There are also intersections where I never cross against the light, because traffic is fast and unpredictable. These intersections are anything involving Mercer St, Aurora, Rainier Ave, Nickerson St, and Westlake. Also, most intersections downtown.
I think I’m reasonable, and most of the time my exceptions are for safety just as much as time.
July 28, 2015
Managed to get my first (that I can remember) bike injury this year. The worst part of it is that I was not even riding my bike at the time! I was walking it down a steep incline, turned onto another steep incline, and then lost a battle with gravity and agility when my bike tipped due to the weight of my pannier on the inside of the curve. Dropping my bike would have not been a big deal, but the pedal ripped up the back of my heel on the way down. I guess my bike needed some blood.
Not my finest moment.
Locking technique: F
November 1, 2014
When will I ever learn?
October 22, 2014
Sometimes, I wake up in the morning and just don’t want to ride my bike to work. So I drive, because I want to be lazy. I almost always regret it.

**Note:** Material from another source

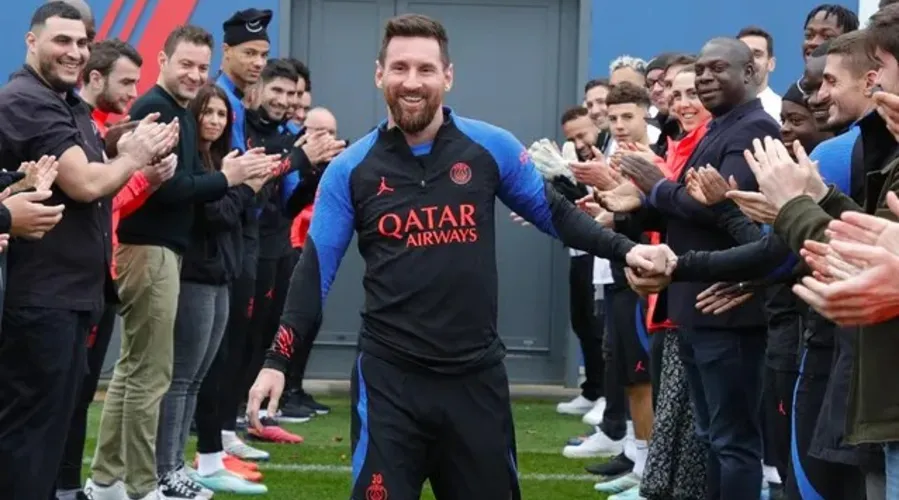 Equipe fez um corredor para receber Messi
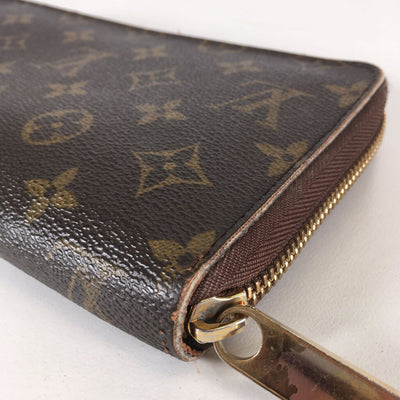 Louis Vuitton Zippy Organizer Wallet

Take this morning. Seattle’s usually gray and moist this time of year, but thanks to the atmospheric river flowing through our area it was pouring this morning. Riding to work through the rain, getting wet and having my face pelted with water? No thanks. I got a ride in with my boyfriend. That was nice. Leaving work was not so nice, because it was still pouring and there was a lot of traffic. It took me an hour to get home on the bus, during which I cursed myself for my short-sightedness. Sure, I would have gotten drenched riding home, but would have been 15 minutes of drenching instead of 45 minutes of it.

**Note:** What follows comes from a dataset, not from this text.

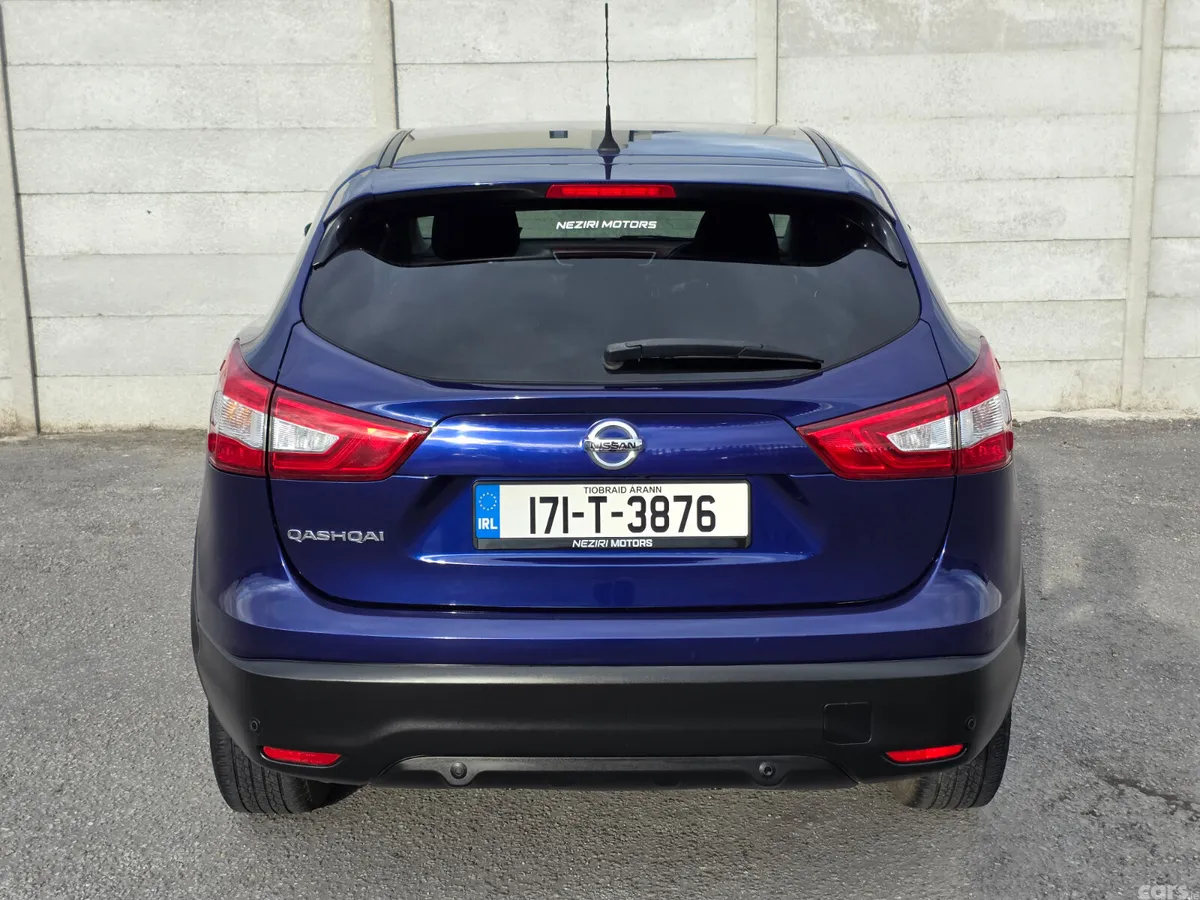 Nissan Qashqai SUV, Diesel, 2017, Blue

Here’s a breakdown of my commuting options. The winner is clear.
Drive to work before 8:30 am: 15 minutes from door to a vacant spot in the parking garage under my building.
Drive to work after 9:00 am: 10 minutes to work, then 10+ hunting for parking spaces
Drive to work after 10:00 am: 45 minutes of hunting for parking and engaging in self-hatred
Drive home: 5-20 minutes to get out of the immediate neighborhood, then 10-15 minutes to home.
Bus to work: 30 minutes, possibly crushed up against four other people on a bus route with one of the highest riderships in the region.
Bus home before 6:30 pm: 45-60 minutes. Half of this might be spent standing at a stop watching my bus slowly inch toward us in traffic before it reaches my stop, if I’m lucky. If not, I might get passed a few times by buses that are already full.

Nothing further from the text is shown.